**Your goal**
From the first line to the last, retype the data below exactly.

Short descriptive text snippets

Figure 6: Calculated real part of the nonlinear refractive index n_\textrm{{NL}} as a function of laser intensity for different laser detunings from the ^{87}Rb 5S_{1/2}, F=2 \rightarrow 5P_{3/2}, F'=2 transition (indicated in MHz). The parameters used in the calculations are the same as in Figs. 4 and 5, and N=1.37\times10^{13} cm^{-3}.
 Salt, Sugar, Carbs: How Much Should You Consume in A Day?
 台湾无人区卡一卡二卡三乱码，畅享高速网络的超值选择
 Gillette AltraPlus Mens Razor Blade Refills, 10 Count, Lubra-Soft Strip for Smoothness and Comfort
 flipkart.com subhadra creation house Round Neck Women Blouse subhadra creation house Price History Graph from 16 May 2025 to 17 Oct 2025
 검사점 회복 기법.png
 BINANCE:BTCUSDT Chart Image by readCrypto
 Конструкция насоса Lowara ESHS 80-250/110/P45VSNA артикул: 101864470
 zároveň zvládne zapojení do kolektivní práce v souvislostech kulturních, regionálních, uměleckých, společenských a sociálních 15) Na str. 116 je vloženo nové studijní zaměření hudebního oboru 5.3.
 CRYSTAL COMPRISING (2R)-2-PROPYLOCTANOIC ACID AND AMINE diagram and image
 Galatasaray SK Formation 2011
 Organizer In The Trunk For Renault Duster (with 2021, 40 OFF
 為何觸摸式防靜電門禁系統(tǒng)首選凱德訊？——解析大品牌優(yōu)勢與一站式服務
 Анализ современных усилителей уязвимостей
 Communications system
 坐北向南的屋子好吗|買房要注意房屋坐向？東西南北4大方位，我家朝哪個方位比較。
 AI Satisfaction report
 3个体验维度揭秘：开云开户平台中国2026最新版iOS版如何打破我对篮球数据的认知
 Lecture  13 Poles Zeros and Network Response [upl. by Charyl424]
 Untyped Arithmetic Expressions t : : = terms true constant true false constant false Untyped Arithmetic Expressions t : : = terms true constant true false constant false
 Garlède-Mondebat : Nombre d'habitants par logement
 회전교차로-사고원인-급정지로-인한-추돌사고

**Output below**
Figure 6: Calculated real part of the nonlinear refractive index n_\textrm{{NL}} as a function of laser intensity for different laser detunings from the ^{87}Rb 5S_{1/2}, F=2 \rightarrow 5P_{3/2}, F'=2 transition (indicated in MHz). The parameters used in the calculations are the same as in Figs. 4 and 5, and N=1.37\times10^{13} cm^{-3}.
 Salt, Sugar, Carbs: How Much Should You Consume in A Day?
 台湾无人区卡一卡二卡三乱码，畅享高速网络的超值选择
 Gillette AltraPlus Mens Razor Blade Refills, 10 Count, Lubra-Soft Strip for Smoothness and Comfort
 flipkart.com subhadra creation house Round Neck Women Blouse subhadra creation house Price History Graph from 16 May 2025 to 17 Oct 2025
 검사점 회복 기법.png
 BINANCE:BTCUSDT Chart Image by readCrypto
 Конструкция насоса Lowara ESHS 80-250/110/P45VSNA артикул: 101864470
 zároveň zvládne zapojení do kolektivní práce v souvislostech kulturních, regionálních, uměleckých, společenských a sociálních 15) Na str. 116 je vloženo nové studijní zaměření hudebního oboru 5.3.
 CRYSTAL COMPRISING (2R)-2-PROPYLOCTANOIC ACID AND AMINE diagram and image
 Galatasaray SK Formation 2011
 Organizer In The Trunk For Renault Duster (with 2021, 40 OFF
 為何觸摸式防靜電門禁系統(tǒng)首選凱德訊？——解析大品牌優(yōu)勢與一站式服務
 Анализ современных усилителей уязвимостей
 Communications system
 坐北向南的屋子好吗|買房要注意房屋坐向？東西南北4大方位，我家朝哪個方位比較。
 AI Satisfaction report
 3个体验维度揭秘：开云开户平台中国2026最新版iOS版如何打破我对篮球数据的认知
 Lecture  13 Poles Zeros and Network Response [upl. by Charyl424]
 Untyped Arithmetic Expressions t : : = terms true constant true false constant false Untyped Arithmetic Expressions t : : = terms true constant true false constant false
 Garlède-Mondebat : Nombre d'habitants par logement
 회전교차로-사고원인-급정지로-인한-추돌사고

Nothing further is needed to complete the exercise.